Edit

Share via


Connect to Azure DocumentDB from Azure Databricks

This article shows you how to connect to Azure DocumentDB from Azure Databricks to perform common data operations using Python and Spark. You configure the necessary dependencies, establish a connection, and execute read, write, filter, and aggregation operations with the MongoDB Spark connector.

Prerequisites

  • An Azure subscription

    • If you don't have an Azure subscription, create a free account
  • An existing Azure DocumentDB cluster

Configure Azure Databricks workspace

Configure your Azure Databricks workspace to connect to Azure DocumentDB. Add the MongoDB Connector for Spark library to your compute to enable connectivity to Azure DocumentDB.

  1. Navigate to your Azure Databricks workspace.

  2. Configure the default compute available or create a new compute resource to run your notebook.

  3. Select a Databricks runtime that supports at least Spark 3.0.

  4. In your compute resource, select Libraries > Install New > Maven.

  5. Add the Maven coordinates: org.mongodb.spark:mongo-spark-connector_2.12:3.0.1

  6. Select Install.

  7. Restart the compute when installation is complete.

Configure connection settings

Configure Spark to use your Azure DocumentDB connection string for all read and write operations.

  1. In the Azure portal, navigate to your Azure DocumentDB resource.

  2. Under Settings > Connection strings, copy the connection string. It has the form: mongodb+srv://<user>:<password>@<database_name>.mongocluster.cosmos.azure.com

  3. In Azure Databricks, navigate to your compute configuration and select Advanced Options (at the bottom of the page).

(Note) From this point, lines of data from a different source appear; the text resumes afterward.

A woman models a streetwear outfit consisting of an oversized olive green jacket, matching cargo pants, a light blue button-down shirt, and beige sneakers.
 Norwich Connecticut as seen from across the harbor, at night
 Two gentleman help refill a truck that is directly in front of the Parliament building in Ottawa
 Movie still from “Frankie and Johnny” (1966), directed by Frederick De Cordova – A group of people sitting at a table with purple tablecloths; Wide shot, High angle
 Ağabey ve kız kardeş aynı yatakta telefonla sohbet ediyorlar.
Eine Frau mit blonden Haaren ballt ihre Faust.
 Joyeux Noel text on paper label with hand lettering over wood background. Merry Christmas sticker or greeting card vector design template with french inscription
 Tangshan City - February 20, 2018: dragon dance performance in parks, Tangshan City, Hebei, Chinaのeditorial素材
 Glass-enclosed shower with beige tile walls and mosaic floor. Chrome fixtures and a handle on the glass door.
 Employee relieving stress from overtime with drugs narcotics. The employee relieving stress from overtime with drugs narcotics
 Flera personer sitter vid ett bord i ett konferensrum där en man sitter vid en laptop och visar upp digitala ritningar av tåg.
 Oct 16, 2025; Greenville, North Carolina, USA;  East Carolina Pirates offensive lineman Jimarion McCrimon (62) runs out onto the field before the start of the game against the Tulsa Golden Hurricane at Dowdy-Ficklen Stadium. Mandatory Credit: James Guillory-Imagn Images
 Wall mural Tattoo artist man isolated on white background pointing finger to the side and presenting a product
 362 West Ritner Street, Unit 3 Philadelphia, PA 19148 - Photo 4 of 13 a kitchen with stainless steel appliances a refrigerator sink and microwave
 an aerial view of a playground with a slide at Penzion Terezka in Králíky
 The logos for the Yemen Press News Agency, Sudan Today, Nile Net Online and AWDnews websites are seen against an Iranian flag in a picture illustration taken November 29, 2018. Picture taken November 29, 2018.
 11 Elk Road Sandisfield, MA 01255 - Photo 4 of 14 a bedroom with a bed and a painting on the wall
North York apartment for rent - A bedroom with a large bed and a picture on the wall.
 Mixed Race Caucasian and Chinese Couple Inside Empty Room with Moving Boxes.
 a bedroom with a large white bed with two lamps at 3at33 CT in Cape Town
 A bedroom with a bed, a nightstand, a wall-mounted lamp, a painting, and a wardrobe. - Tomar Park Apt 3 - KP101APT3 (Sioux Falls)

  4. Add the following Spark configuration variables:

    • spark.mongodb.output.uri - Paste your connection string
    • spark.mongodb.input.uri - Paste your connection string
  5. Save the configuration.

Alternatively, you can set the connection string directly in your code by using the .option() method when reading or writing data.

Create Python notebook

Run your data operations by creating a new Python notebook.

  1. In your Azure Databricks workspace, create a new Python notebook.

  2. Define your connection variables at the beginning of the notebook:

    connectionString = "mongodb+srv://<user>:<password>@<database_name>.mongocluster.cosmos.azure.com/?tls=true&authMechanism=SCRAM-SHA-256&retrywrites=false&maxIdleTimeMS=120000"
    database = "<database_name>"
    collection = "<collection_name>"
    
  3. Replace the placeholder values with your actual database name and collection name.

Read data from collection

Read data from your Azure DocumentDB collection into a Spark DataFrame.

  1. Use the following code to load data from your collection:

    df = spark.read.format("mongo").option("database", database).option("spark.mongodb.input.uri", connectionString).option("collection", collection).load()
    
  2. Verify the data loaded successfully:

    df.printSchema()
    display(df)
    
  3. Observe the result. This code creates a DataFrame containing all documents from the specified collection and displays the schema and data.

Filter data

Apply filters to retrieve specific subsets of data from your collection.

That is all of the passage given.